- What the exercise asks
Print the lines in the listing below that fall between the line with "PINS ECUSSON BLASON SCOTLAND" and the line with "Toyota VAPOR LEAK DETECTION PUMP - 2.5L", those two lines included, exactly as they stand and with nothing else.

- Records provided
——————————

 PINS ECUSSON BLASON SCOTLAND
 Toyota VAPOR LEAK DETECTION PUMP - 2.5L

——————————

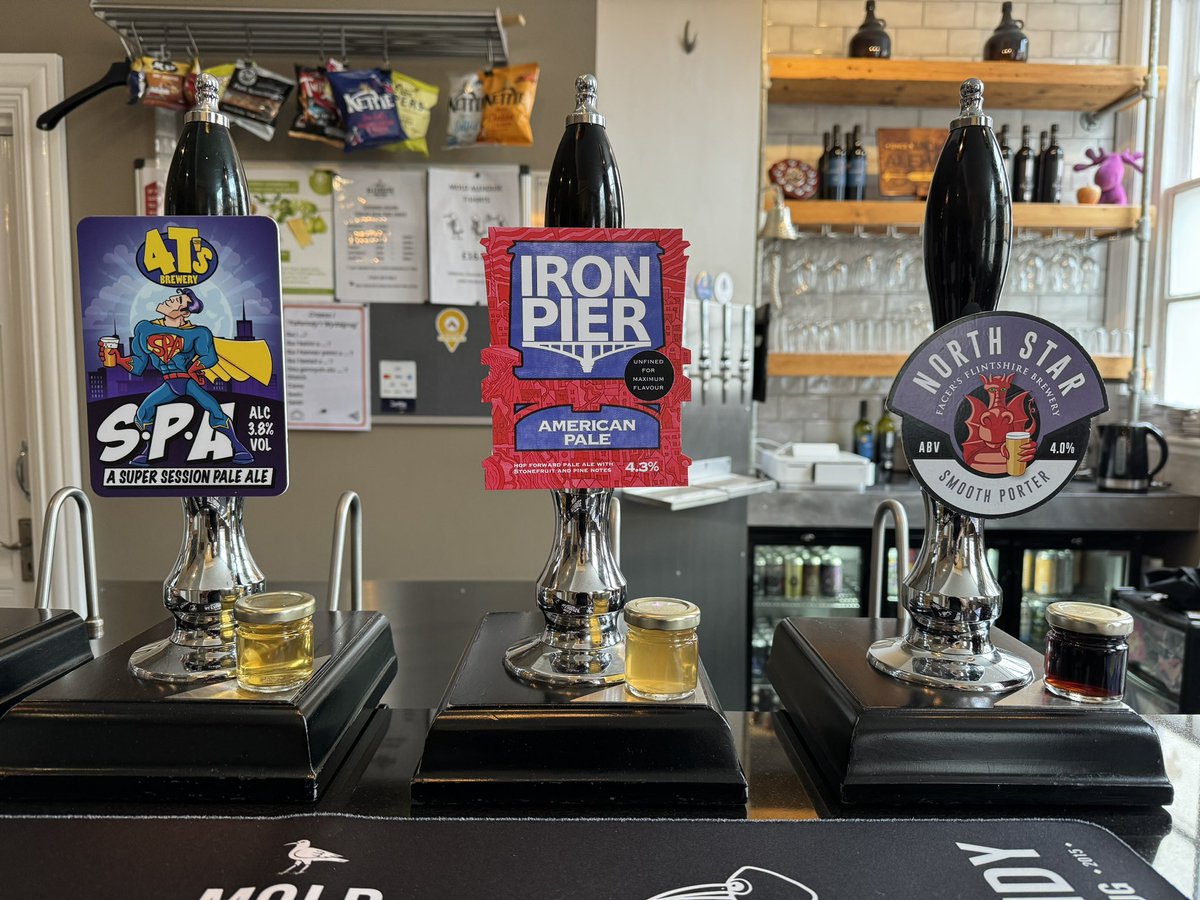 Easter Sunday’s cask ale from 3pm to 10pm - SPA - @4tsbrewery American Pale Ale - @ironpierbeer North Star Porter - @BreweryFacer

——————————

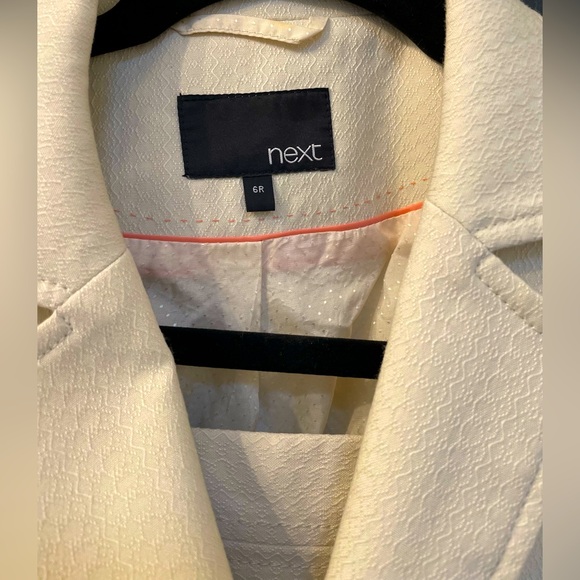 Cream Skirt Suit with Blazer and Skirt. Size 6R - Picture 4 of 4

——————————

- Written solution
 PINS ECUSSON BLASON SCOTLAND
 Toyota VAPOR LEAK DETECTION PUMP - 2.5L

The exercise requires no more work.